Natuurlijk werd de wijnkooper met zijne gezellen door den hoofdofficier vervolgd. Het getuigenverhoor liet geen den minsten twijfel over. Wat den wijnkooper betreft, een aantal stukken werd in het proces overgelegd, waaruit bleek, dat hij herhaaldelijk op verschillende tijdstippen in 1741, '45, '47, '48, was beklaagd wegens bedreiging en geweldpleging, nu eens van een lid van de compagnie van commercie, omdat deze hem een wissel had doen aanbieden, dan weder van een deurwaarder, die hem kwam manen wegens zijne schulden, een andermaal tegen een schuldeischer, - eindelijk ook omdat hij op een nacht, ‘tezamen met zijn vader’ ingebroken was in het arrestantenhuisje, en, na bedreiging van de nachtwakers, met geweld een paar beschonken arrestanten had bevrijd.

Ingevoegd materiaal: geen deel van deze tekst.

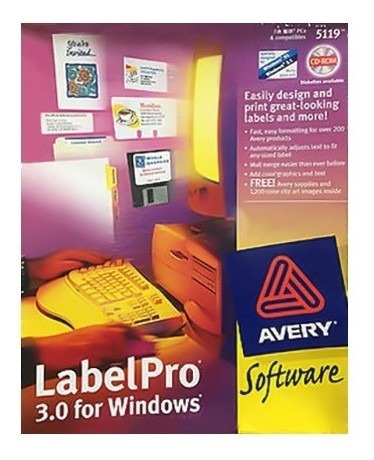 Programa Avery Labelpro 3.0 5119 Districomp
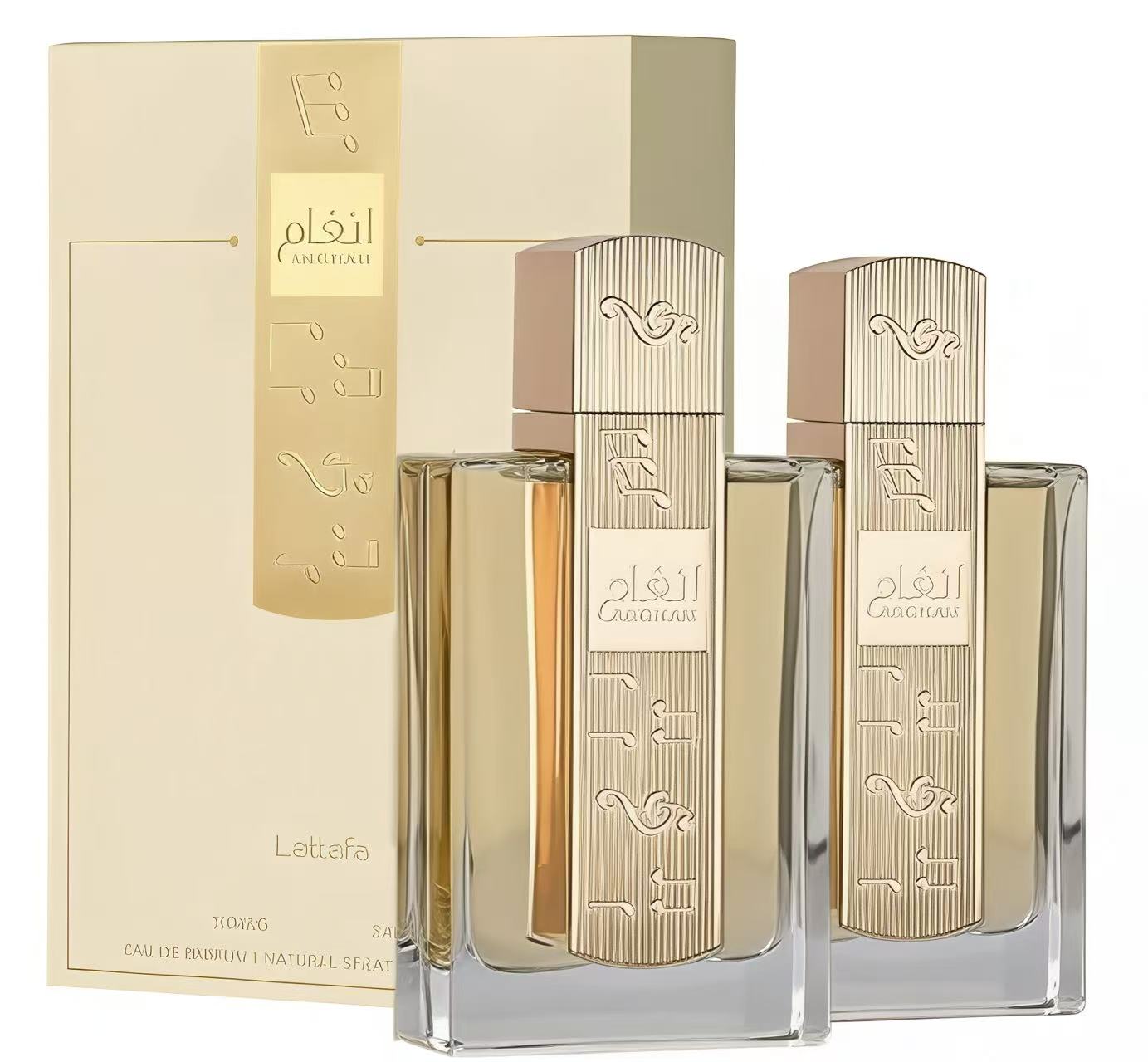 Orginal Angham Eau De Parfum 100ml by Lattafa Perfume Unisex Arabic Fragrance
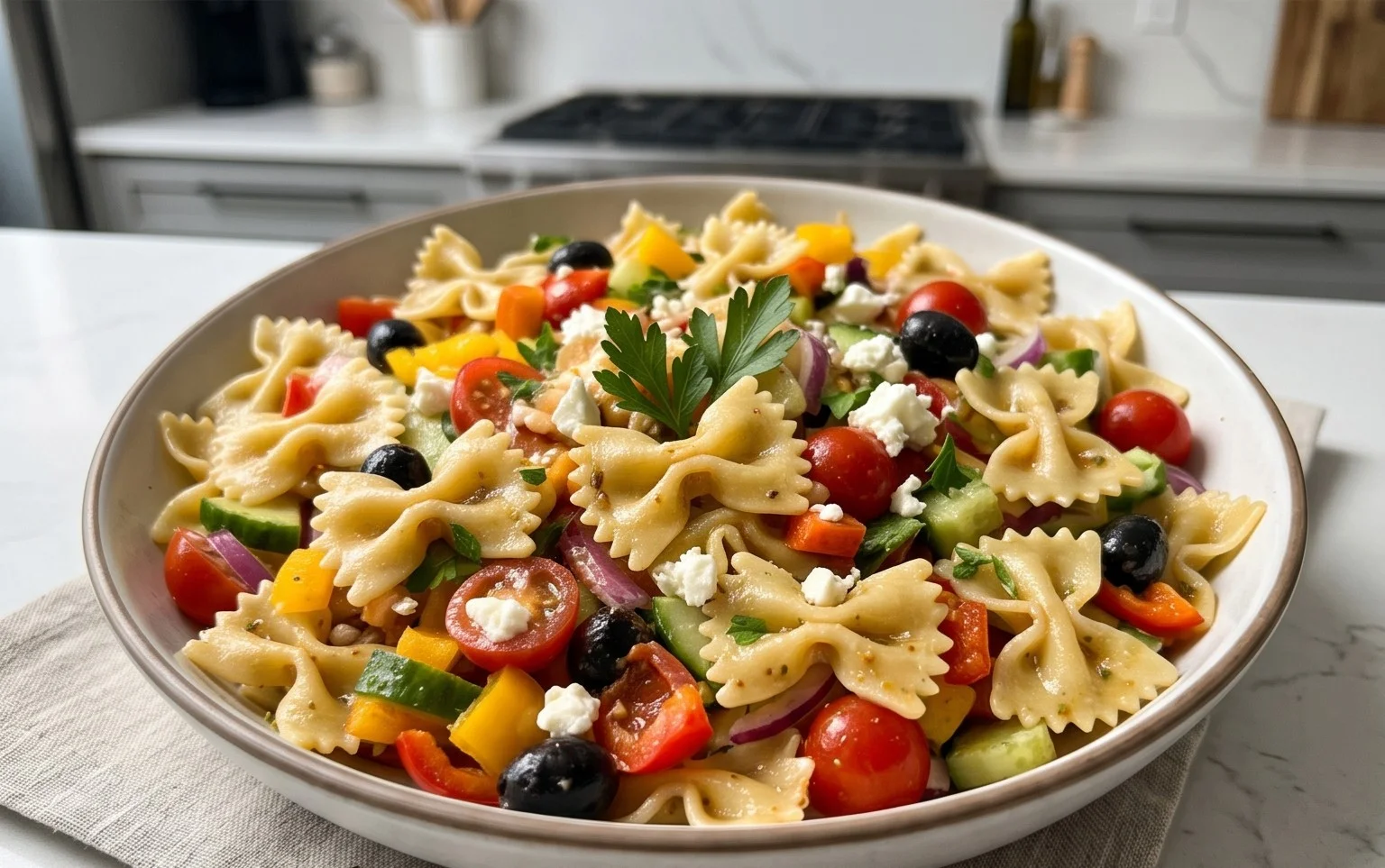 Bow Tie Pasta Salad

Deze zaak maakte begrijpelijkerwijze vrij wat gerucht, en daarom kan men zich de verwondering, denkelijk ook wel de verontwaardiging begrijpen van de burgerij, toen van der Heyden en de zijnen van de aanklacht werden vrijgesproken en zijn proces won ‘cum expensis’. Die beslissing was eene beleediging aan het adres van den hoofdofficier, die zich veel moeite had gegeven om de getuigenissen en antecedenten te verzamelen, waardoor het requisitoir tegen de schuldigen gerechtvaardigd werd, en die thans nog aanwezig zijn als zoovele bewijzen voor de bedroevende houding van de rechters. Kon het anders of het vertrouwen op de rechtspraak werd geschokt?
| |
| |
Die uitspraak was gedaan in December 1750. Nog kon men niet vergeten zijn wat een jaar tevoren gebeurd was. In Augustus 1748 had een radermaker, aan de Bildt wonende, Cornelis de Wael, op of bij het Vreeburg te Utrecht zoodanig straatrumoer gemaakt, dat de officier van de wacht aan de Catharijne-poort met zijne manschappen kwam toeloopen en den luidruchtigen man met den sabel - wat hardhandig naar het schijnt, - tot rust maande. In woede stak de radermaker daarop den officier - het was de jonge luitenant Suermondt - op de plaats dood. Natuurlijk volgde zijne veroordeeling, en niemand verwachtte dat het verzoek om gratie, door 's mans vrouw ingediend, zou baten. Hof en gerecht getuigden niet ten gunste van den dader en adviseerden beiden in afwijzenden zin.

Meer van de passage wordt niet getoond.